Action item
Restate word for word the entries below, starting at the line with "forearm workouts" and ending at the line with "Aquilegia olympica". Keep both end lines and omit the pictures.

Records
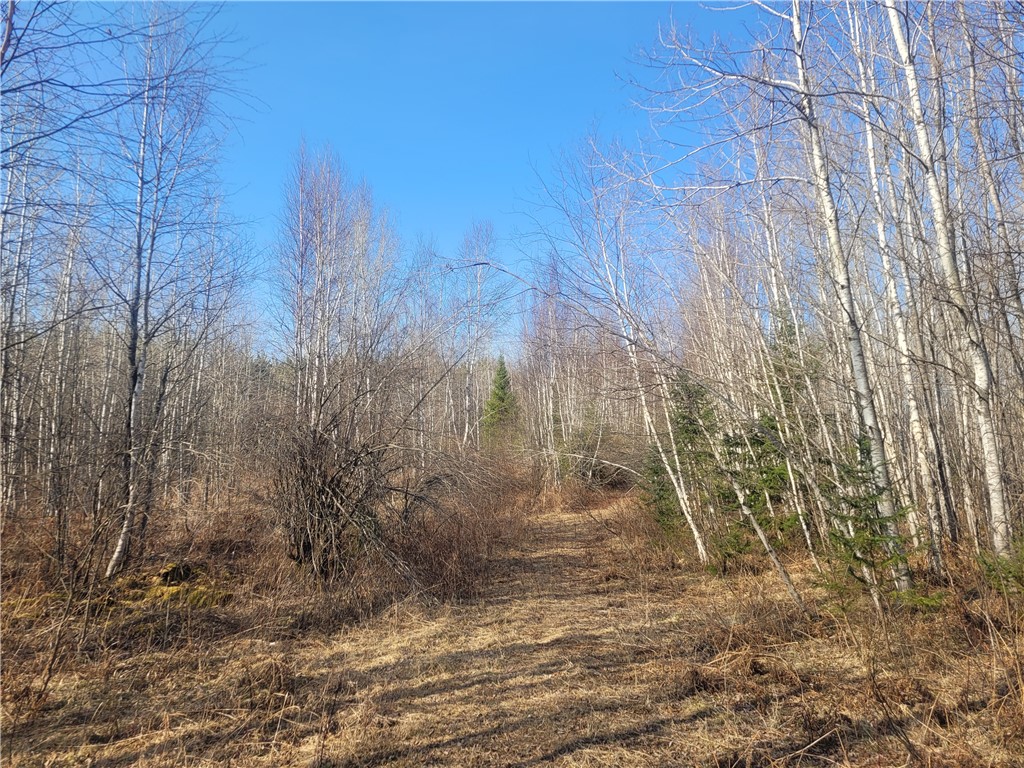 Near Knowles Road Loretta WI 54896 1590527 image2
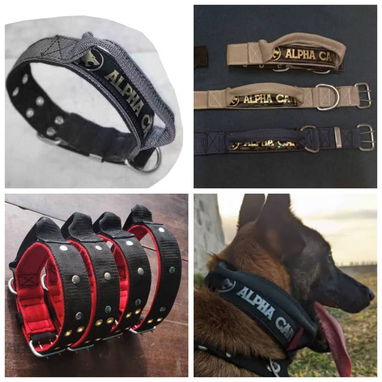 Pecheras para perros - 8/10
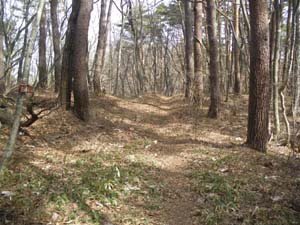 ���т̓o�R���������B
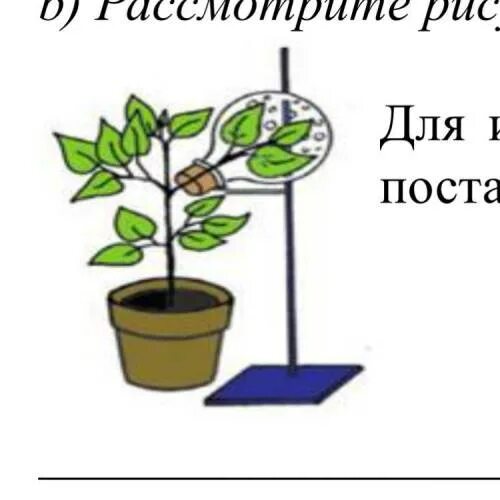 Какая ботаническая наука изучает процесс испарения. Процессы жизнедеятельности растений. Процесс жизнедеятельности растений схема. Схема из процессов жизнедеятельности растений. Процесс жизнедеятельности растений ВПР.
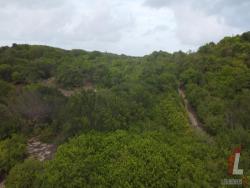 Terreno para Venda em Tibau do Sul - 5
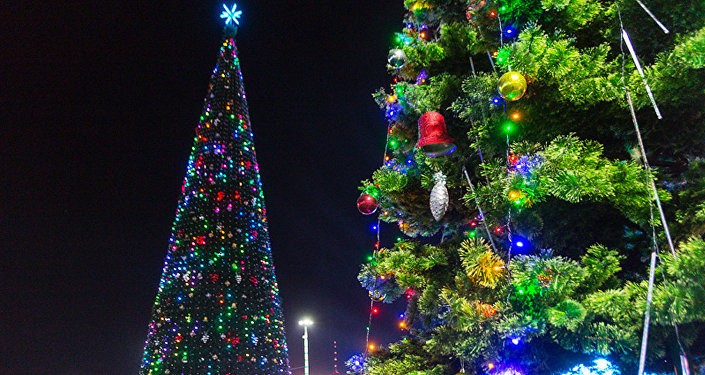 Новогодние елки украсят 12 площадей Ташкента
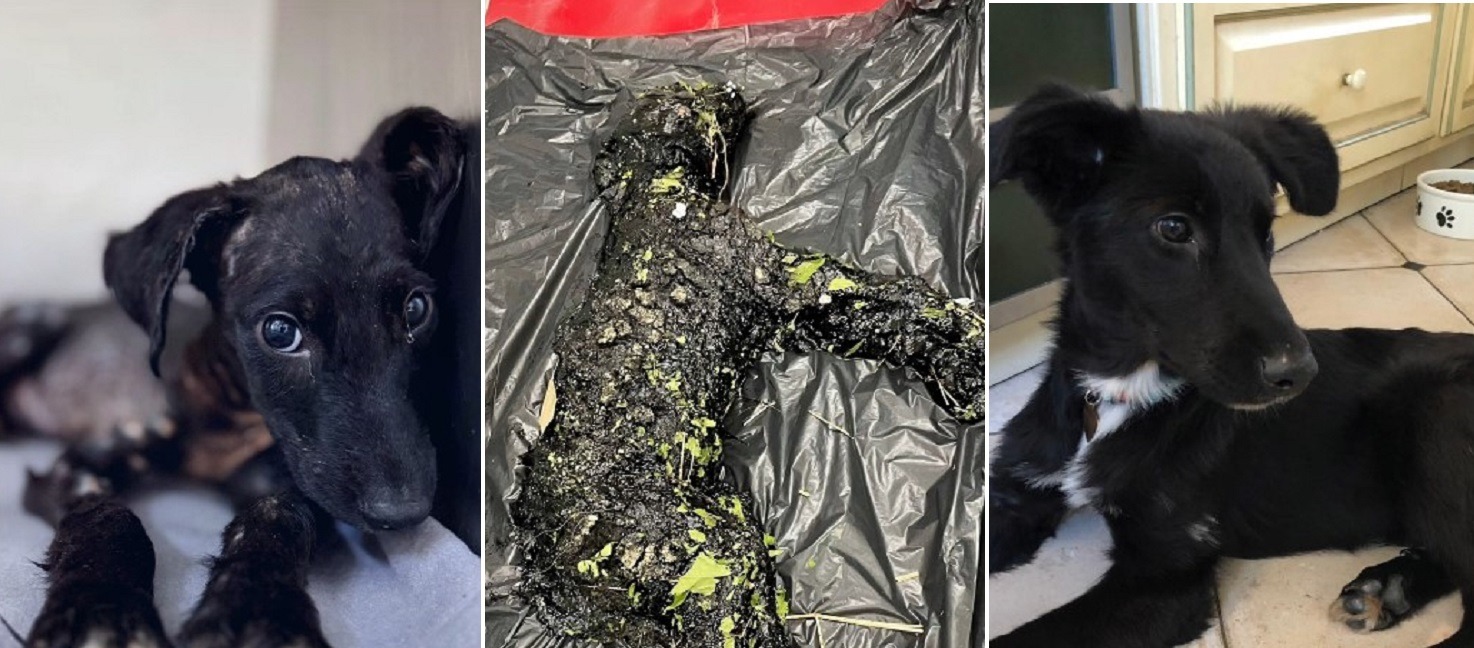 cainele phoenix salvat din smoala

...

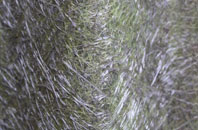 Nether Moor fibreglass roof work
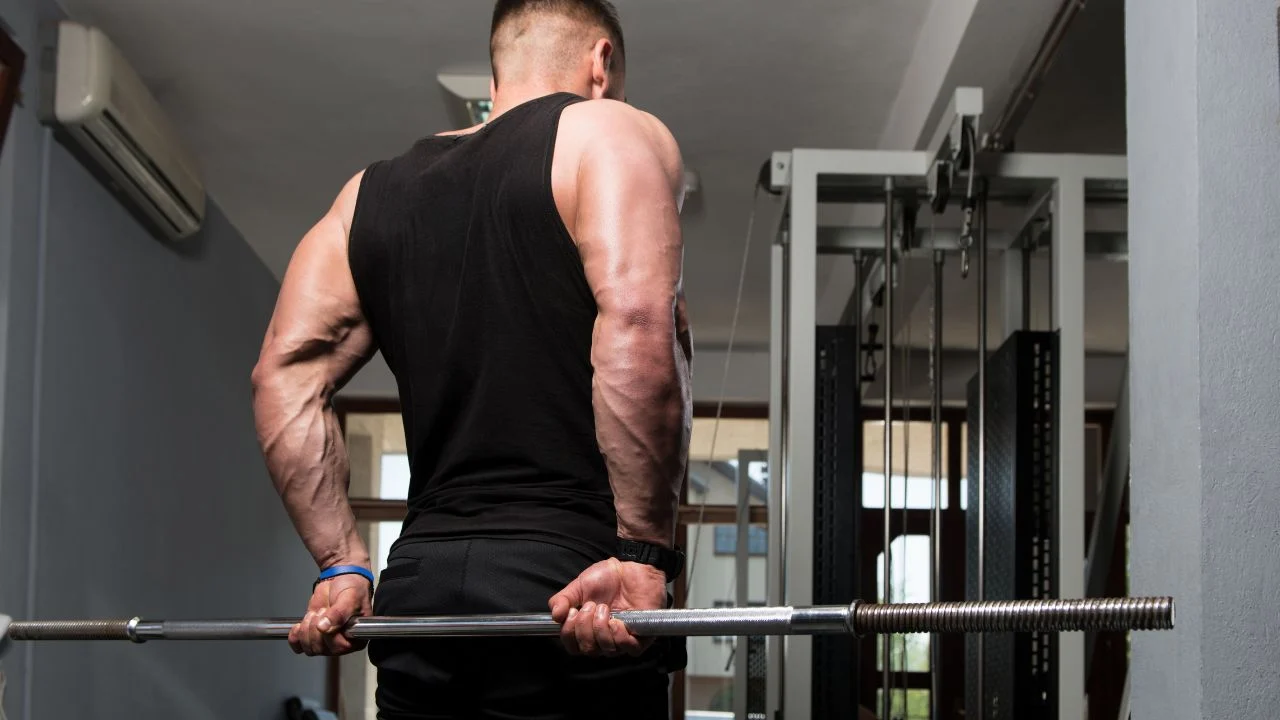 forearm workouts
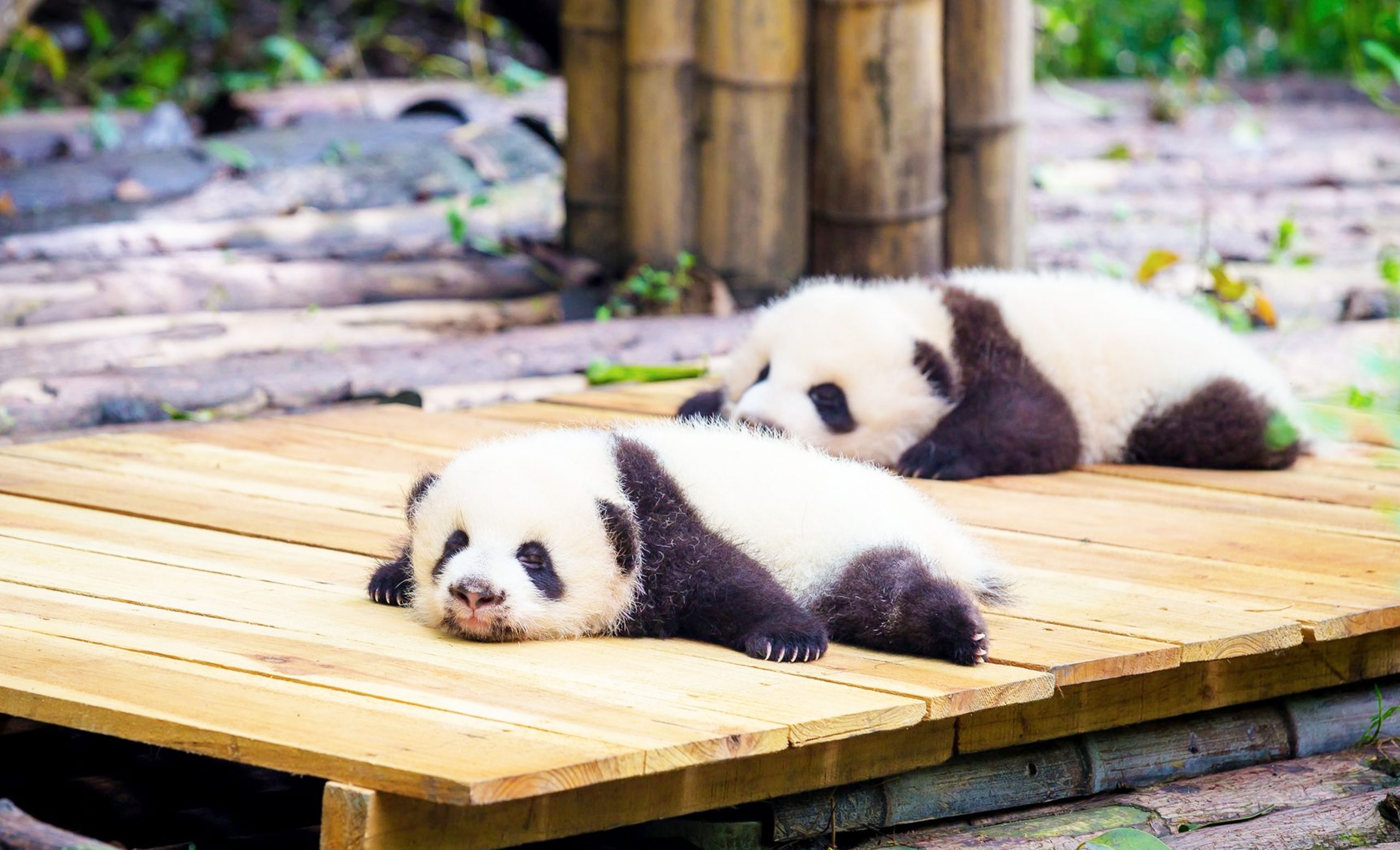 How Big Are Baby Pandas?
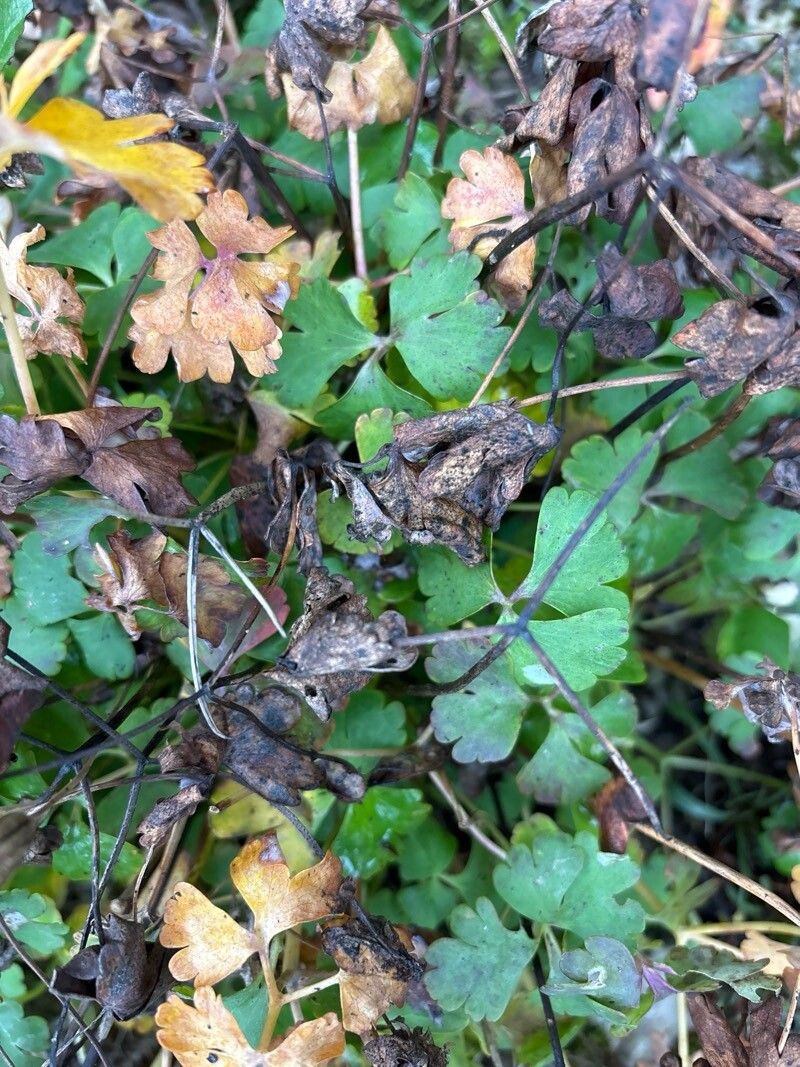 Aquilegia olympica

---

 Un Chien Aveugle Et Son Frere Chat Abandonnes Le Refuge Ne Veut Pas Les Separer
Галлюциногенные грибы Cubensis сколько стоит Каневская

Solution
 forearm workouts
 How Big Are Baby Pandas?
 Aquilegia olympica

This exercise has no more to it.